**AIM OF THE TASK**
From the first line to the last, give the material again exactly, without the images.

**MATERIAL FOR THE TASK**
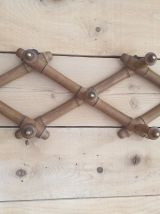 Porte manteaux mural pliable en bois 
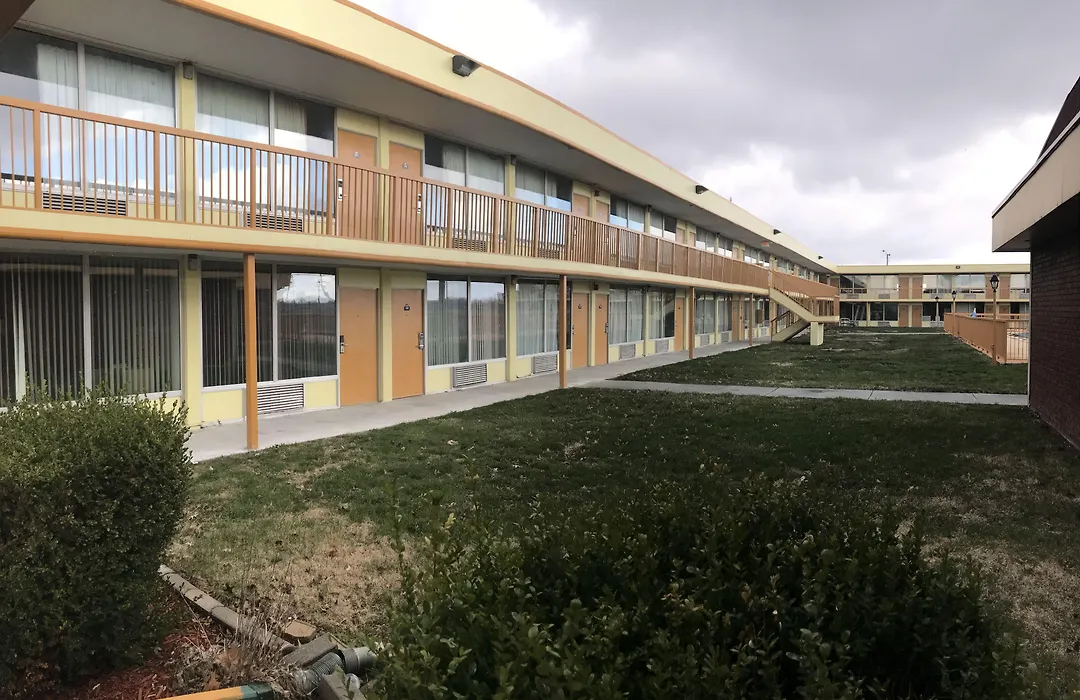 Days Inn By Wyndham Salem, Il-1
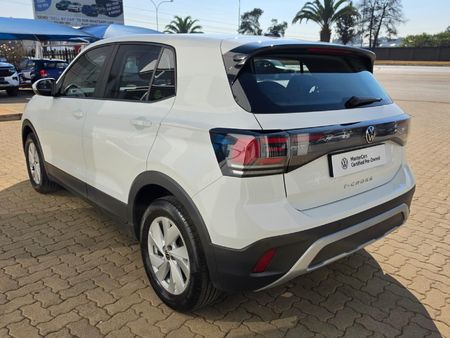 2025-Volkswagen-T-Cross-10-TSI_4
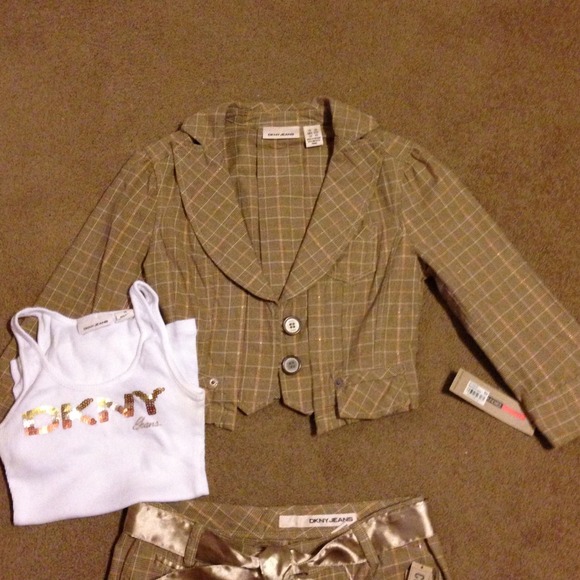 NWT Three-Piece DKNY Cropped Pant Suit. - Picture 3 of 4
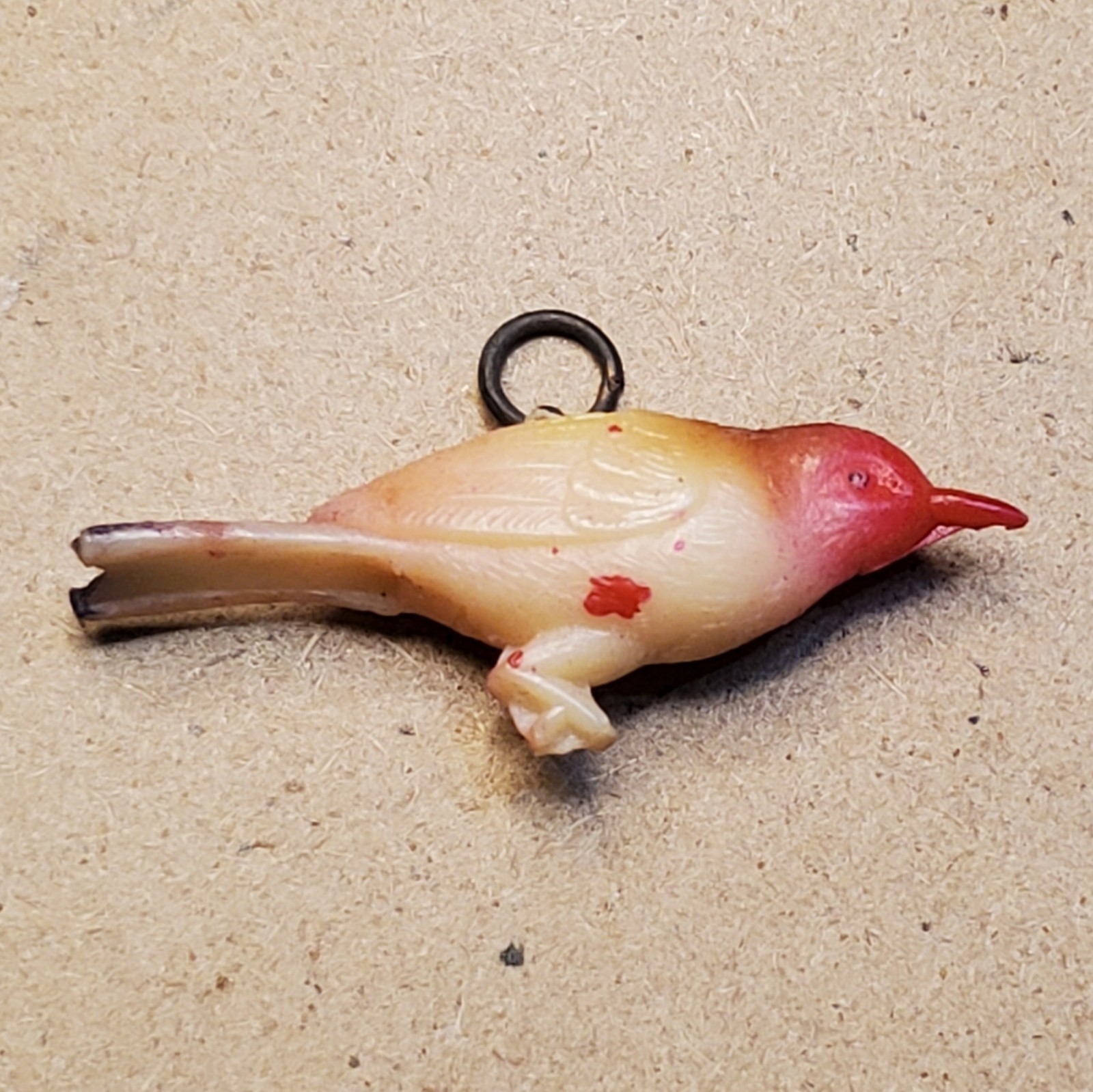 SONGBIRD BIRD celluloid gumball charm not Cracker Jack ML51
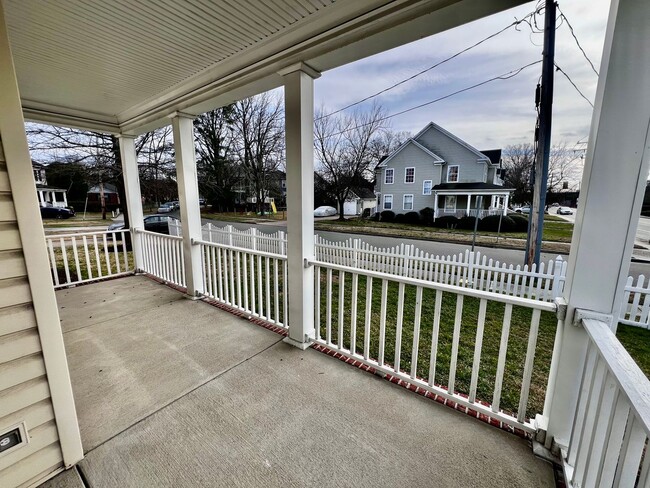 Building Photo - Beautiful Colonial-style home located in t...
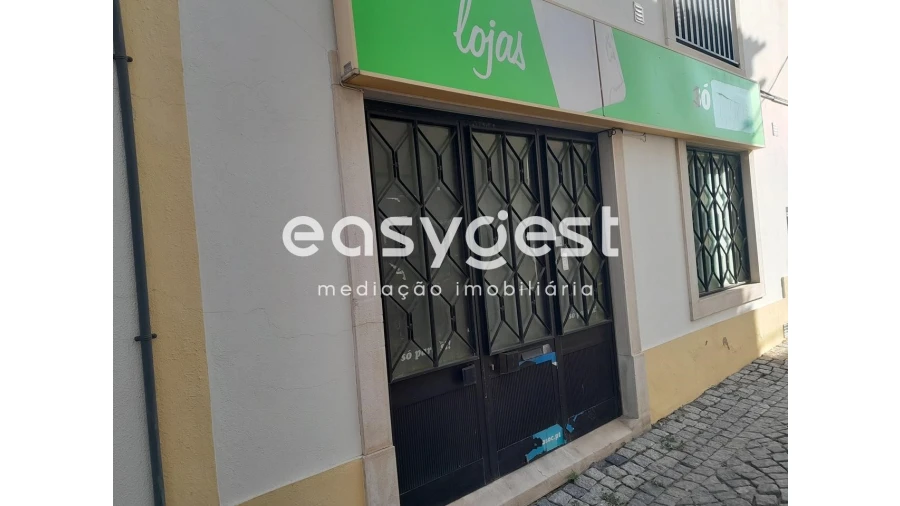 Loja para Venda em Beja (Santiago Maior e São João Baptista)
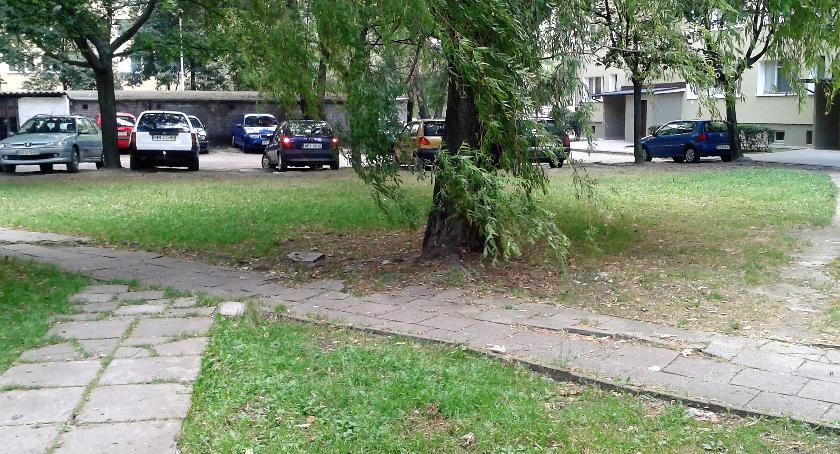 Rakowiec - Remont podwórek przy ul. Skorochód Majewskiego (nr 1233)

**SOLUTION**
 Porte manteaux mural pliable en bois 
 Days Inn By Wyndham Salem, Il-1
 2025-Volkswagen-T-Cross-10-TSI_4
 NWT Three-Piece DKNY Cropped Pant Suit. - Picture 3 of 4
 SONGBIRD BIRD celluloid gumball charm not Cracker Jack ML51
 Building Photo - Beautiful Colonial-style home located in t...
 Loja para Venda em Beja (Santiago Maior e São João Baptista)
 Rakowiec - Remont podwórek przy ul. Skorochód Majewskiego (nr 1233)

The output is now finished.